Undaunted, Russ insisted there was nothing wrong with the database. Nothing wrong with the hardware. Nothing wrong with the network. Only something wrong with our query. He suggested another approach. One that required a bit more programming (pun intended) and additional thought on the part of the programmer--but Cliff was up to the challenge.

Cliff knew the separate pieces of the report ran quickly. If you just ran the 'Deposit Analysis,' the 'Loan Analysis,' or the 'CD Analysis' reports they ran in just a few minutes. Cliff re-coded his consolidated analysis to basically run the three reports at once, but moving the responsibility of the final join from the database to his application. Since each report was sorted by customer, the application code was a breeze (make sure you finish all three reports for each customer before moving onto the next).

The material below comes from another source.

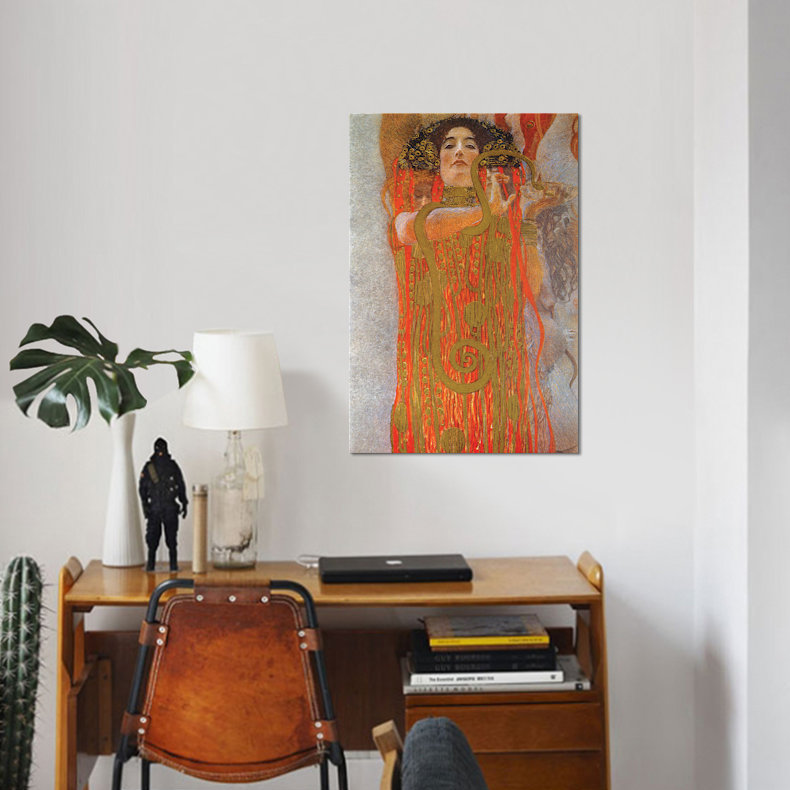 « hygieia, 1900-07 » par gustav klimt,, impression sur toile, H 26 po x l 18 po x P 1,5 po, Toile tendue, Pas de tapis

The new, trivially more complex, consolidated analysis ran in six minutes.

Isolated incident?

This same credit union is trying to run an online transaction system with the same relational database. Imagine all teller, ATM, and batch transactions posting to an online system using its new relational database. No batch jobs. No nighttime processing. "No way!" you think?

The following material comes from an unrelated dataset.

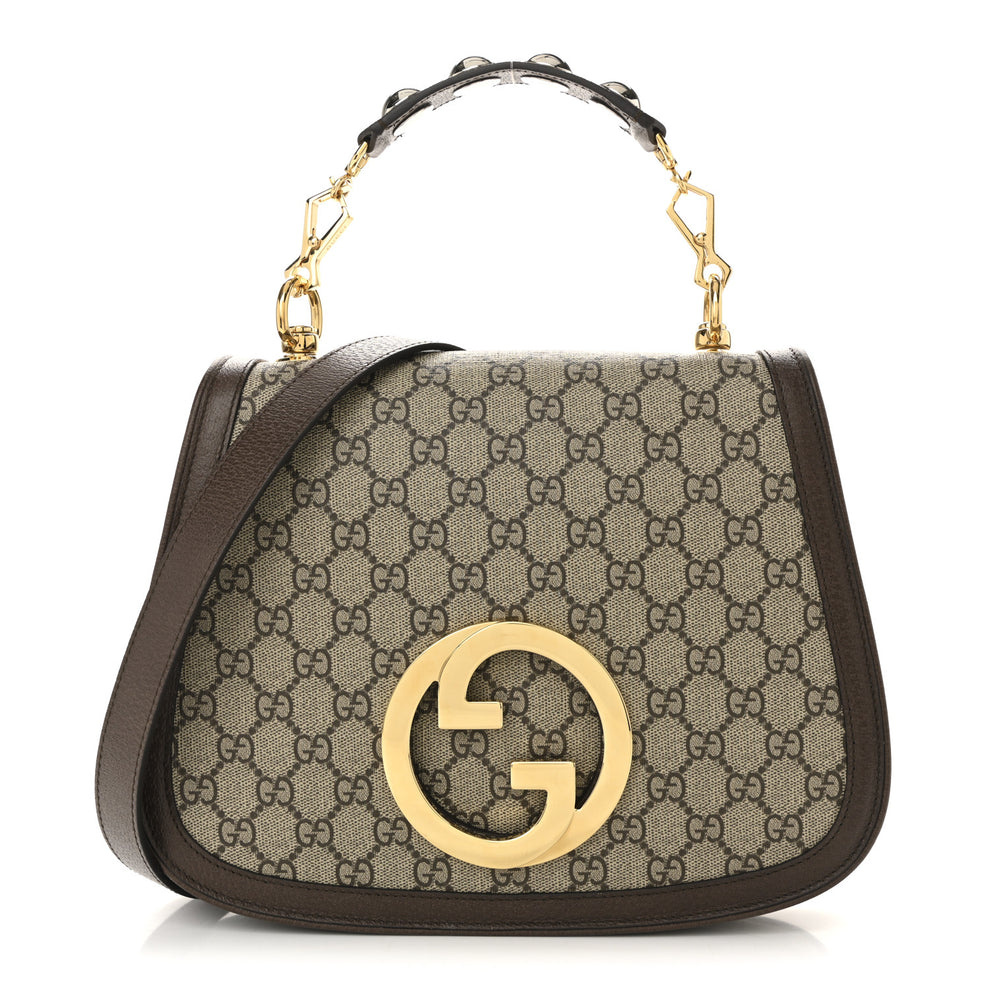 GG Supreme Monogram Textured Dollar Calfskin Web Medium Blondie Top Handle Shoulder Flap Bag Beige Ebony New Acero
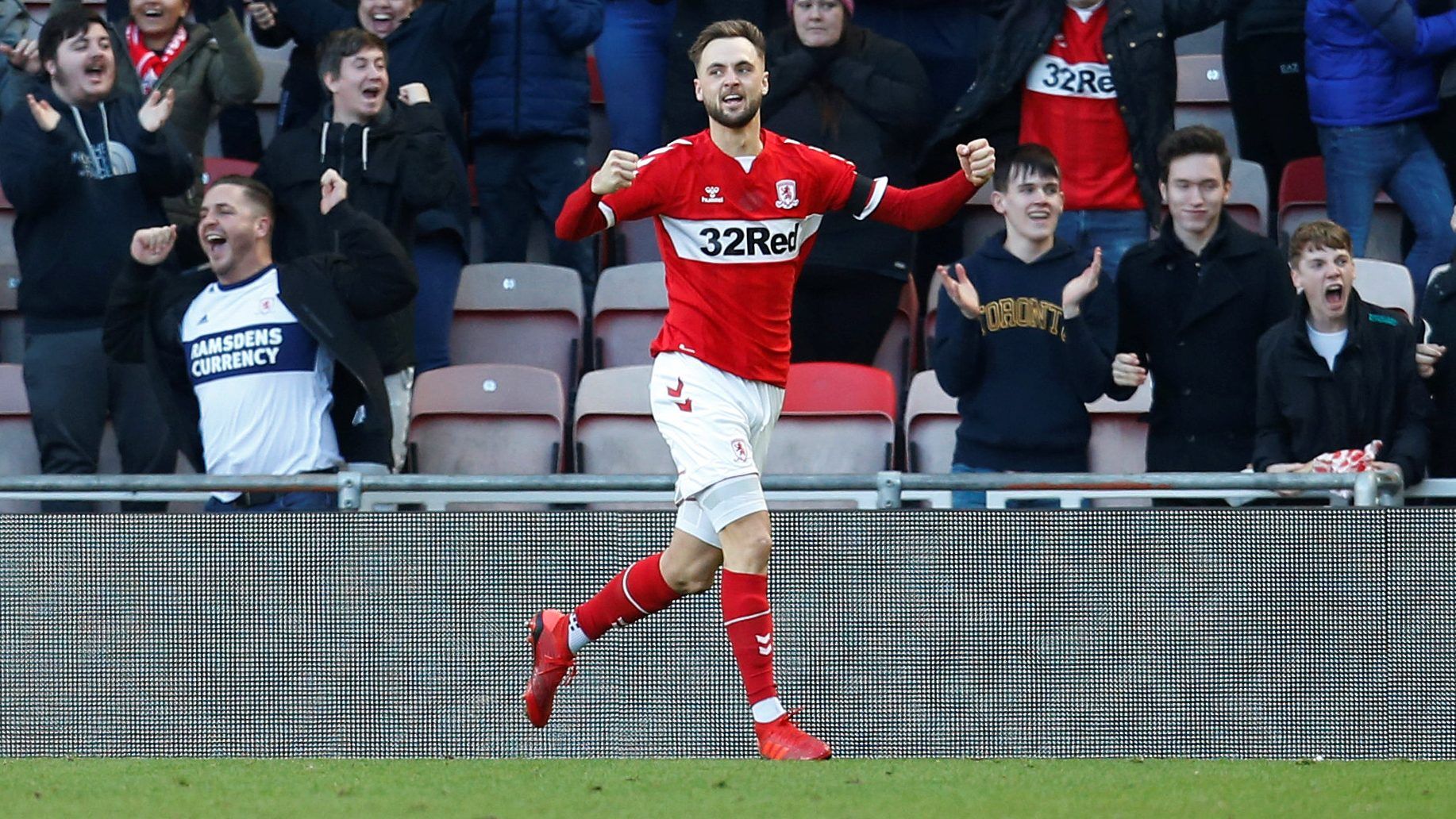 Soccer Football - Championship - Middlesbrough v Leeds United - Riverside Stadium, Middlesbrough, Britain - February 9, 2019  Middlesbrough's Lewis Wing celebrates scoring their first goal     Action Images/Ed Sykes  EDITORIAL USE ONLY. No use with unauthorized audio, video, data, fixture lists, club/league logos or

Well, in the beginning you were right. A typical savings deposit implemented using database stored procedures (that's what the vendors tell you to do) required 1500-2000 logical IOs to complete. Many of the IOs were duplicate reads of data already read, due mostly to the limitation of variable scoping in stored procedures, parameter limitations, and so on. Sure, the re-read pages were cached, but they still cost CPU cycles.

Undaunted, Russ insisted there was nothing wrong with the database. Nothing wrong with the hardware. Nothing wrong with the network. Only something wrong with our transactions.

Cliff analyzed the transactions and discovered there were probably only 100 or so unique IOs required for the transaction. The other 1400-1900 were duplicate reads of account data or reads of system (or persistent) data that changed infrequently. He suggested that by moving the transaction business logic out of the database and into another language with greater flexibility and reading 'fixed' data once we could create a deposit transaction that required only 100 logical IOs.

Cliff was right. He helped design a transaction processor that initialized the persistent data in its own memory when it started, did only the minimal number of reads to get the account data, and when it was done with all the business logic submitted to the database only the minimum number of updates necessary to affect the transaction. Admittedly, this solution is incrementally more sophisticated than our first, but the results paid-off: a 20x improvement in transaction throughput. More than enough to meet the posting requirements of the system.

And the database was still normalized. Nothing in the logical data model had been forfeit for performance in the physical.

So, is there something wrong with relational databases and normalized data? Or is it only our ability to exploit them?